This has all left many Catholics homeless politically.  They may care deeply about social justice issues addressed by the Democratic Party but feel more than a little uncomfortable when the issue most talked about is unrestricted access to abortion.

Or they may feel abortion is their most important issue — but are more than a little uncomfortable in a Republican Party which either ignores or opposes most justice issues and is led by a man held legally liable for sexual assault, a convicted felon who paid a porn star and Playboy model for silence and incited an insurrection.

In the encyclical Deus Caritas Est Pope Benedict XVI gave instruction on the place of Catholic teaching in the public square. It is an instruction you won't find touted by those who wish to have abortion remain the sole non-negotiable.

"This is where Catholic social doctrine has its place: It has no intention of giving the Church power over the State. Even less is it an attempt to impose on those who do not share the faith ways of thinking and modes of conduct proper to faith. Its aim is simply to help purify reason and to contribute, here and now, to the acknowledgment and attainment of what is just," wrote Benedict.

"The Church's social teaching argues on the basis of reason and natural law, namely, on the basis of what is in accord with the nature of every human being," he continues. "It recognizes that it is not the Church's responsibility to make this teaching prevail in political life. Rather, the Church wishes to help form consciences in political life."

Benedict's predecessor, St. Pope John Paul II, provided practical examples of such an approach. In January 2001, John Paul personally distributed the Eucharist to Francesco Rutelli, at the time Rome's mayor, a high-profile Catholic and former member of the party that led the battle for legalized abortion in Italy. Two years later, during a private Mass in John Paul's apartment, then-Prime Minister Tony Blair of England received Communion from the pope. He was at the time not only  pro-choice but also an Anglican. He has since converted to Catholicism.
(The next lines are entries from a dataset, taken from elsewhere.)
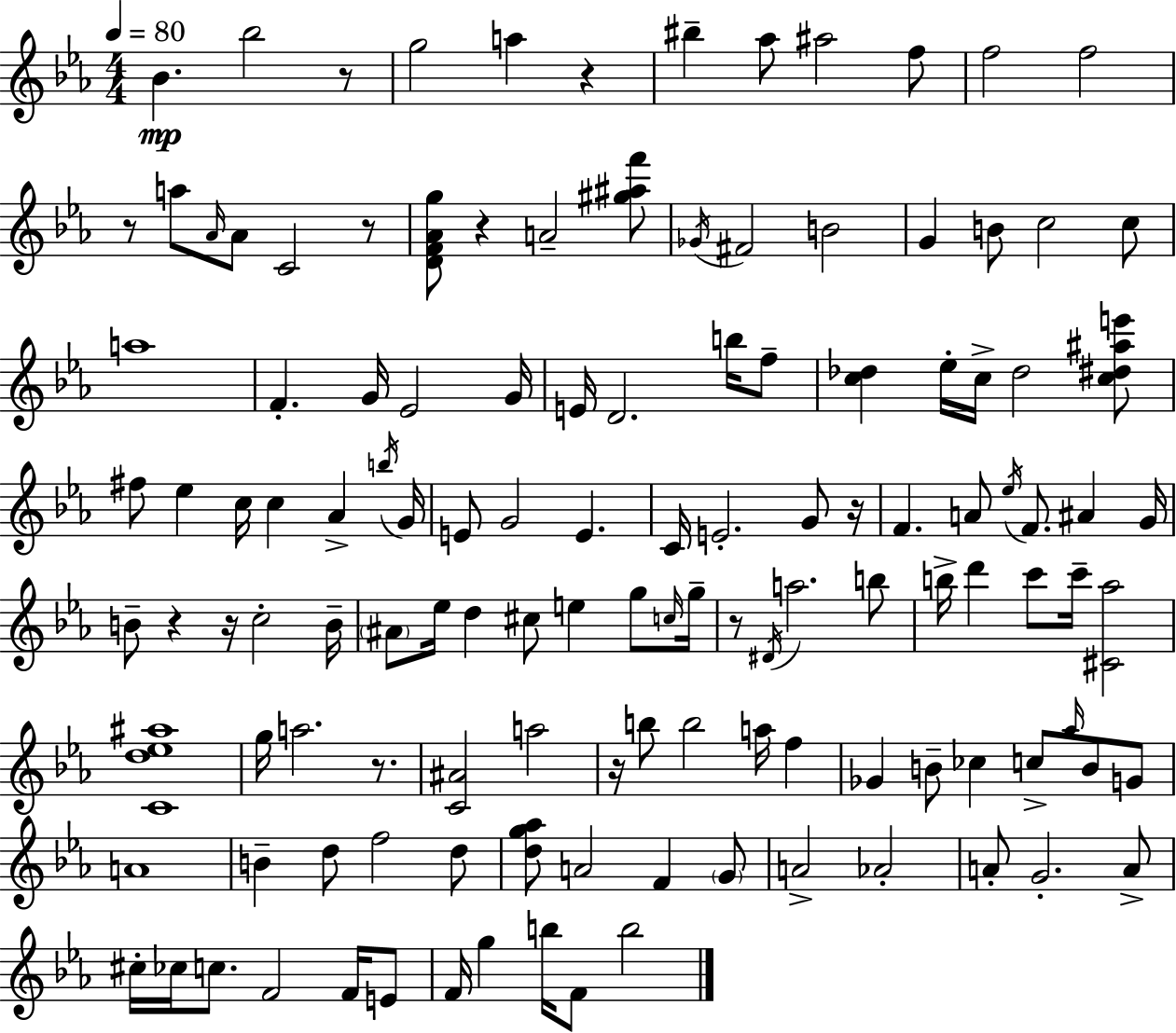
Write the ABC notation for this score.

X:1
T:Untitled
M:4/4
L:1/4
K:Eb
_B _b2 z/2 g2 a z ^b _a/2 ^a2 f/2 f2 f2 z/2 a/2 _A/4 _A/2 C2 z/2 [DF_Ag]/2 z A2 [^g^af']/2 _G/4 ^F2 B2 G B/2 c2 c/2 a4 F G/4 _E2 G/4 E/4 D2 b/4 f/2 [c_d] _e/4 c/4 _d2 [c^d^ae']/2 ^f/2 _e c/4 c _A b/4 G/4 E/2 G2 E C/4 E2 G/2 z/4 F A/2 _e/4 F/2 ^A G/4 B/2 z z/4 c2 B/4 ^A/2 _e/4 d ^c/2 e g/2 c/4 g/4 z/2 ^D/4 a2 b/2 b/4 d' c'/2 c'/4 [^C_a]2 [Cd_e^a]4 g/4 a2 z/2 [C^A]2 a2 z/4 b/2 b2 a/4 f _G B/2 _c c/2 _a/4 B/2 G/2 A4 B d/2 f2 d/2 [dg_a]/2 A2 F G/2 A2 _A2 A/2 G2 A/2 ^c/4 _c/4 c/2 F2 F/4 E/2 F/4 g b/4 F/2 b2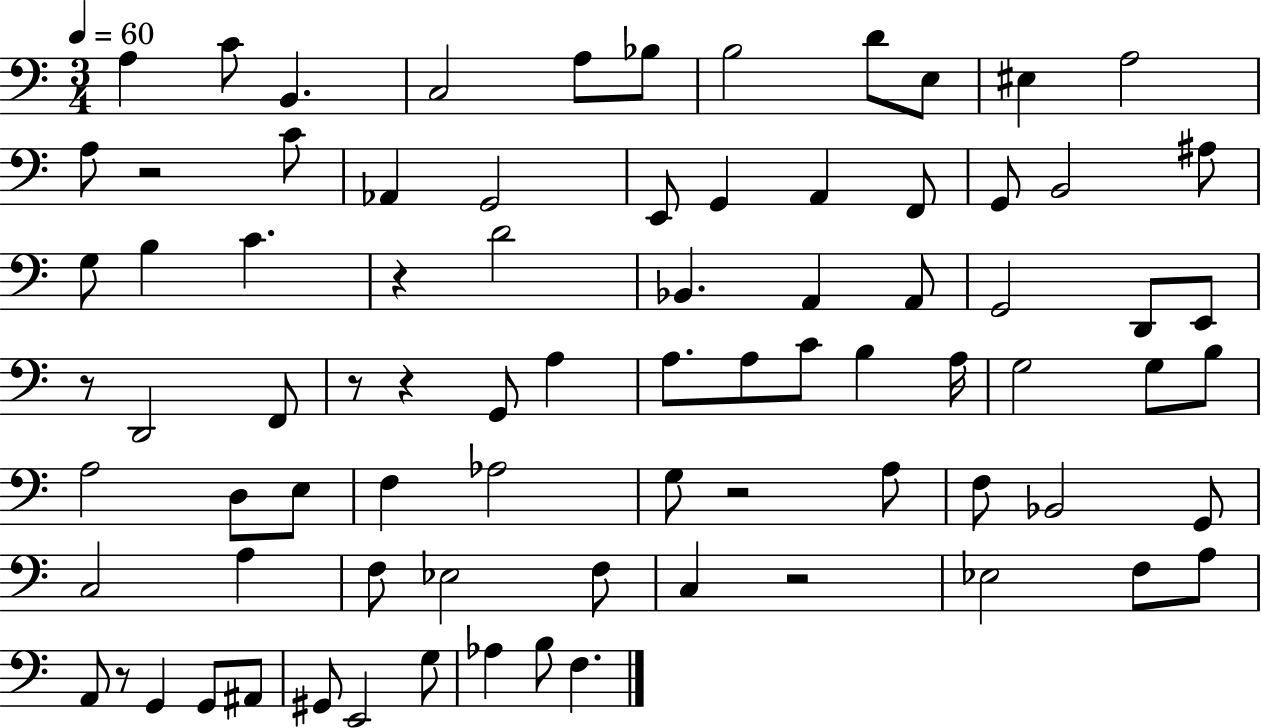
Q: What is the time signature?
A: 3/4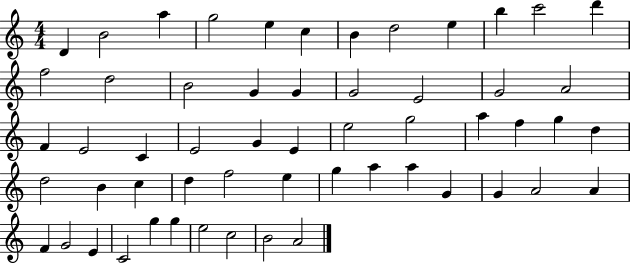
D4/q B4/h A5/q G5/h E5/q C5/q B4/q D5/h E5/q B5/q C6/h D6/q F5/h D5/h B4/h G4/q G4/q G4/h E4/h G4/h A4/h F4/q E4/h C4/q E4/h G4/q E4/q E5/h G5/h A5/q F5/q G5/q D5/q D5/h B4/q C5/q D5/q F5/h E5/q G5/q A5/q A5/q G4/q G4/q A4/h A4/q F4/q G4/h E4/q C4/h G5/q G5/q E5/h C5/h B4/h A4/h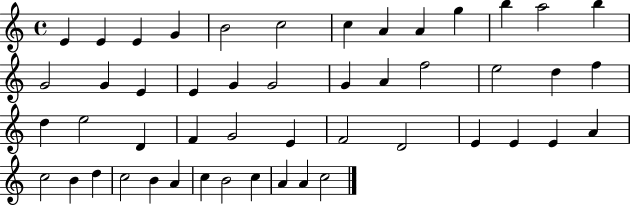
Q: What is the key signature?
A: C major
The U.S. bishops have been badly used and manipulated in their political bargain. Surveys over decades show they've persuaded almost no one, not even their own flock. Surveys show about 60% of U.S. Catholics say abortion should be legal in all or most cases.

Their primary achievement has been to stoke division within the Catholic community and in the wider culture. As the war goes on, it is time for Catholics to get out from under the unnecessary and unwarranted burden of episcopal politics.

That doesn't mean abandoning concerns or involvement in issues. It does mean recognizing that being a devout Catholic in the United States does not require adherence to a single political ideology or party. This year be involved, be thoroughly Catholic. Think. Discern. Vote. Do it with an informed conscience, understanding "it is not the Church's responsibility to make this teaching prevail in political life."